How this plays out in practice seems to depend upon which outsiders they distrust. In the US there are Tea Party environmentalists who have been mobilised, for instance, by the impact of polluting energy companies. However, a tradition of blaming government not business, along with diversionary nationalist propaganda (Drill here! Drill now!) funded by wealthy oil barons, has meant these same activists are often vehement opponents of better environmental regulation.
In contrast, far right groups in Britain seem simply to ignore the environmental threats posed by extreme energy extraction such as fracking.
Nationalism needs landscape
The landscape is a key element in national identity throughout the world. A defence of that landscape against perceived threats can so become an environmentalism focused on preserving the distinctive characteristics of a nation’s land, from the rolling green fields of England to the snow-capped mountains of Switzerland.
This has often been accompanied by other ways of reasserting identity. Myths of a pagan past in harmony with nature have been a feature of green nationalism, from its beginnings through to the Anastasia ecovillages in contemporary Russia where, unlike their equivalent hippy communes found in the West, sustainable living is combined with a “reactionary eco-nationalism”. Such myths give identity and meaning to some groups attracted to the far right, such as the skinhead movement that emerged in Britain in the 1960s, while also providing imagined alternatives to the drudgery associated with modern capitalism or the compromises of democracy.
‘They come here, use our finite resources …’
The other aspect of the green movement that is appropriated by the far right is the concern about the depletion of key resources by unchecked usage. At its most cynical, this can be a far right equivalent of business “greenwashing”. However, it also reflects a tendency to see economics and society as a zero-sum game in which every gain for others is a loss for the victimised groups they see themselves as.
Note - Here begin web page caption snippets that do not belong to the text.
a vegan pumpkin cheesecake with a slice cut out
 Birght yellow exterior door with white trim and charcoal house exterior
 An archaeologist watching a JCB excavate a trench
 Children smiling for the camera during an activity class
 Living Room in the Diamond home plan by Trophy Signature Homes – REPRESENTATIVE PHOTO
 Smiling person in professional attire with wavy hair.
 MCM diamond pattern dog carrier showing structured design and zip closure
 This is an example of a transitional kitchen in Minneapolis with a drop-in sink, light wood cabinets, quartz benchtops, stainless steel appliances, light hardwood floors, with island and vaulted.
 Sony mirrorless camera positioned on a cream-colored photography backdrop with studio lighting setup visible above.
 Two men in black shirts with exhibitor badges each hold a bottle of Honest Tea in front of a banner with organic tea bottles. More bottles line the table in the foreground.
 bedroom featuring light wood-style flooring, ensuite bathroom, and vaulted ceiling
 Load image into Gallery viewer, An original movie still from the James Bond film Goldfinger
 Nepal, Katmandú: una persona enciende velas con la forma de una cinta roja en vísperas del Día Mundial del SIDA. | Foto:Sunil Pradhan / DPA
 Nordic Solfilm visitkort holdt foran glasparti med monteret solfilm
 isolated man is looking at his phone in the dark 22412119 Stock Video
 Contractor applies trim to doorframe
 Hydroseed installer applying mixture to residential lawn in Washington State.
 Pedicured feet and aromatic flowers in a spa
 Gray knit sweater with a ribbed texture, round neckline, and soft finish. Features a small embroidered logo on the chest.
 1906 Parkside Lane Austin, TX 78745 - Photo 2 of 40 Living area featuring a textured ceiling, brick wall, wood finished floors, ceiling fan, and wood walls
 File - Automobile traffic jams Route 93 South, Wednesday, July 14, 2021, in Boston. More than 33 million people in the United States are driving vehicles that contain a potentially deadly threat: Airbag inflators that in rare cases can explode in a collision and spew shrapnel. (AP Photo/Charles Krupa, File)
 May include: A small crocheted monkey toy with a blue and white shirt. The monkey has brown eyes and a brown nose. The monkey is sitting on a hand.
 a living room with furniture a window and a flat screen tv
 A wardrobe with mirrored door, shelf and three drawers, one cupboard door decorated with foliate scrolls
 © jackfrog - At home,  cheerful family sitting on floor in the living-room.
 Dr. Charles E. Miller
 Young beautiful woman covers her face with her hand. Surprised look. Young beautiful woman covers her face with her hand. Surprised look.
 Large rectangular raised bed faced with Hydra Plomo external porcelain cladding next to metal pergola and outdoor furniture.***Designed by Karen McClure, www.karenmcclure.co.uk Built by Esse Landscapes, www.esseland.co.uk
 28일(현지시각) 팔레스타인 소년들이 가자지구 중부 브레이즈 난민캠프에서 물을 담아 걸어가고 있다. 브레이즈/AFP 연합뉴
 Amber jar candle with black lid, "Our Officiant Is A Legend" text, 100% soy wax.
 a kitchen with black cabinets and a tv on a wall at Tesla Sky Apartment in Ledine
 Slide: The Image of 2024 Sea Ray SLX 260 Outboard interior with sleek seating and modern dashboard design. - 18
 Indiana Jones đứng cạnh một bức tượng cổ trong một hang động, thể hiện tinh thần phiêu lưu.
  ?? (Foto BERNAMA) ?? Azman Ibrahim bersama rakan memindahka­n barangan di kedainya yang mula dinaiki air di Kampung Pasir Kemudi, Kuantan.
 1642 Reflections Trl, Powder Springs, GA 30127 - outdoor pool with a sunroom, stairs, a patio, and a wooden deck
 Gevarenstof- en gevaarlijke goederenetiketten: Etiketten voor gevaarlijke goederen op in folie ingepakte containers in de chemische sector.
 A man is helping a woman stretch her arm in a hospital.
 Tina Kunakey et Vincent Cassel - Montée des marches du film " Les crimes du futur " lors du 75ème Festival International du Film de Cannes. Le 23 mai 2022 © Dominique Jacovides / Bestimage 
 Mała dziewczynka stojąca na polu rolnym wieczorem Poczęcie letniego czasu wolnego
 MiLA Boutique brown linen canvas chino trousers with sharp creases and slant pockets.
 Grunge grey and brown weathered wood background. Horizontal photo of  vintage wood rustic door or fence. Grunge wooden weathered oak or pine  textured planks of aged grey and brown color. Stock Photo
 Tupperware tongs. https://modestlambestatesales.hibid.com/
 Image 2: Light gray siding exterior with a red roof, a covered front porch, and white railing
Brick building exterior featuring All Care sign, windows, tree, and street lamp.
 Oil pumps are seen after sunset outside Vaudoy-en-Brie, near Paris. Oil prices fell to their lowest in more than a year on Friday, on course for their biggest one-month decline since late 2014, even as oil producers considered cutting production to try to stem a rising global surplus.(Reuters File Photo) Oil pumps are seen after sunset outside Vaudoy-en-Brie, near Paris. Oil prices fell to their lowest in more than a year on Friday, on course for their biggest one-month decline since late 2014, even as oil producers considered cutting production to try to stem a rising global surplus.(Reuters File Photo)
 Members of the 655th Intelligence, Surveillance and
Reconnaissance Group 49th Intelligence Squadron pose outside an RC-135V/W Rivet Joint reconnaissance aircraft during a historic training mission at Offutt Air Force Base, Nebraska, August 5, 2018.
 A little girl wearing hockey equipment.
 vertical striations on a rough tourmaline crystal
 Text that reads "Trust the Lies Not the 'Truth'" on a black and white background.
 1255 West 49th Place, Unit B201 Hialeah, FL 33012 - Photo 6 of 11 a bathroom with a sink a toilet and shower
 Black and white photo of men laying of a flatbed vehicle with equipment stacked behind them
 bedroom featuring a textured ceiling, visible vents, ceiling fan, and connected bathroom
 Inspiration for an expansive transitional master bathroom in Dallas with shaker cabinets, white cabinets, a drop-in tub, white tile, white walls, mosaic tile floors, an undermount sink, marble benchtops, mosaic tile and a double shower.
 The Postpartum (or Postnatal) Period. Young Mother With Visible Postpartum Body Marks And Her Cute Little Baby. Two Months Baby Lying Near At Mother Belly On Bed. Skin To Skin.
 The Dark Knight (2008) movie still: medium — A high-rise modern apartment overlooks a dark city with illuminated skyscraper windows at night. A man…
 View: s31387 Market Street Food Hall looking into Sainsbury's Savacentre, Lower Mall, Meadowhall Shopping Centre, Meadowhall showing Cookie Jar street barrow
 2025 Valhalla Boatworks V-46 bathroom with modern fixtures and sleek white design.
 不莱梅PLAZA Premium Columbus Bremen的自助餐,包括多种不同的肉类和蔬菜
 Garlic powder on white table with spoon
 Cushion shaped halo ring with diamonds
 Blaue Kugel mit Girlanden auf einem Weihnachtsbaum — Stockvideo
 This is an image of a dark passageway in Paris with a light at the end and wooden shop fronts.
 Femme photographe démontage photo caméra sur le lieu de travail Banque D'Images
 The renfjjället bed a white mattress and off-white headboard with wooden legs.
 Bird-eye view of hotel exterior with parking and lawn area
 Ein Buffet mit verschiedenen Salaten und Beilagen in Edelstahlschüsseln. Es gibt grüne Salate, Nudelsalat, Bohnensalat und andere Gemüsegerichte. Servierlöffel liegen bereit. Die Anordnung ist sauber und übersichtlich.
Concerns about finite resources therefore align with anxieties about immigration. Far right groups and their media supporters are swift to exploit fears of threats to the local animals allegedly posed by immigrants. Such baseless hostility is then compounded by the widespread and equally erroneous view that England’s green and pleasant land has already largely disappeared under concrete.
Green causes are not usually the main motivating factor for those attracted to the far right. This does not mean, however, that their espousal is mere greenwashing.
The far right tends to think of green issues differently from their left-wing counterparts. Their approach focuses on the local, not the global, and reflects the centrality of landscape to national identities. Their defensive parochialism means that these threats are usually seen in cultural terms through the appropriation of victimhood, hence the tendency to focus upon immigration as opposed to the emphases of left-wing environmentalists.
Green issues tend to be seen by the far right through the distinct lenses of cultural identity and the land. That does not necessarily prevent, however, the emergence of a green nationalism.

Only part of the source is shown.